From: Alexander Lobakin <aleksander.lobakin@intel.com>
To: Maciej Fijalkowski <maciej.fijalkowski@intel.com>
Cc: Paul Menzel <pmenzel@molgen.mpg.de>,
Jesper Dangaard Brouer <hawk@kernel.org>,
Larysa Zaremba <larysa.zaremba@intel.com>,
netdev@vger.kernel.org,
Ilias Apalodimas <ilias.apalodimas@linaro.org>,
linux-kernel@vger.kernel.org, Christoph Hellwig <hch@lst.de>,
Eric Dumazet <edumazet@google.com>,
Michal Kubiak <michal.kubiak@intel.com>,
intel-wired-lan@lists.osuosl.org,
Jakub Kicinski <kuba@kernel.org>, Paolo Abeni <pabeni@redhat.com>,
"David S. Miller" <davem@davemloft.net>,
Magnus Karlsson <magnus.karlsson@intel.com>
Subject: Re: [Intel-wired-lan] [PATCH net-next v3 03/12] iavf: optimize Rx buffer allocation a bunch
Date: Fri, 2 Jun 2023 16:09:54 +0200 [thread overview]

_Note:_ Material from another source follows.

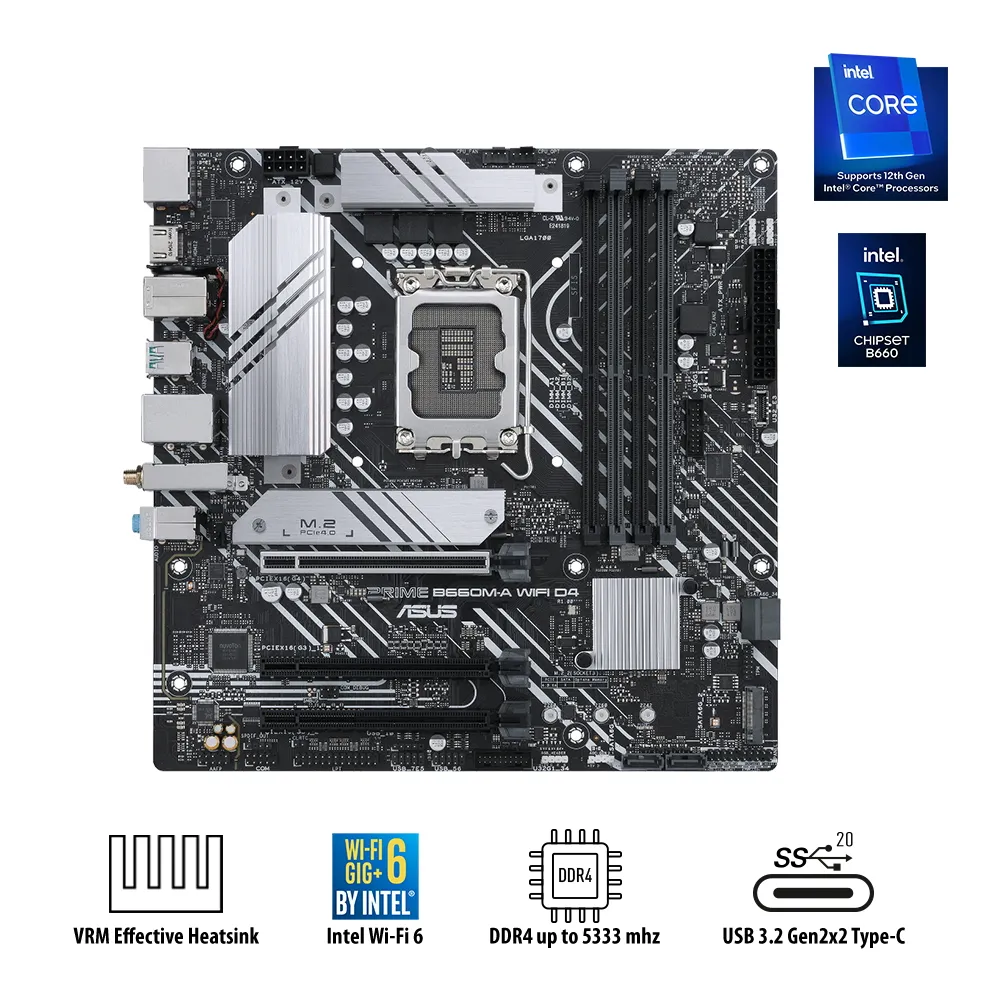 Placă de bază ASUS PRIME B660M-A D4, LGA1700, Intel B660, Micro-ATX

Message-ID: <97d2efe0-599b-70d3-16ca-1dbab13eb2b1@intel.com> (raw)
In-Reply-To: <ZHd4UPXgNaJlmyv1@boxer>
From: Maciej Fijalkowski <maciej.fijalkowski@intel.com>
Date: Wed, 31 May 2023 18:39:44 +0200
> On Tue, May 30, 2023 at 05:00:26PM +0200, Alexander Lobakin wrote:
>> The Rx hotpath code of IAVF is not well-optimized TBH. Before doing any
>> further buffer model changes, shake it up a bit. Notably:
>>
>> 1. Cache more variables on the stack.
>> DMA device, Rx page size, NTC -- these are the most common things
>> used all throughout the hotpath, often in loops on each iteration.
>> Instead of fetching (or even calculating, as with the page size) them
>> from the ring all the time, cache them on the stack at the beginning
>> of the NAPI polling callback. NTC will be written back at the end,
>> the rest are used read-only, so no sync needed.
>
> I like calculating page size once per napi istance. Reduces a bunch of
> branches ;)
>
> Yet another optimization I did on other drivers was to store rx_offset
> within ring struct. I skipped iavf for some reason. I can follow-up with
> that, but I'm bringing this up so we keep an eye on it.
rx_offset is stored as Page Pool param in its struct. So no follow-ups
here needed :)
[...]
>> 3. Don't allocate with %GPF_ATOMIC on ifup.
>
> s/GPF/GFP
Breh :s
>
>> This involved introducing the @gfp parameter to a couple functions.
>> Doesn't change anything for Rx -> softirq.
>> 4. 1 budget unit == 1 descriptor, not skb.
>> There could be underflow when receiving a lot of fragmented frames.
>> If each of them would consist of 2 frags, it means that we'd process
>> 64 descriptors at the point where we pass the 32th skb to the stack.
>> But the driver would count that only as a half, which could make NAPI
>> re-enable interrupts prematurely and create unnecessary CPU load.
>
> How would this affect 9k MTU workloads?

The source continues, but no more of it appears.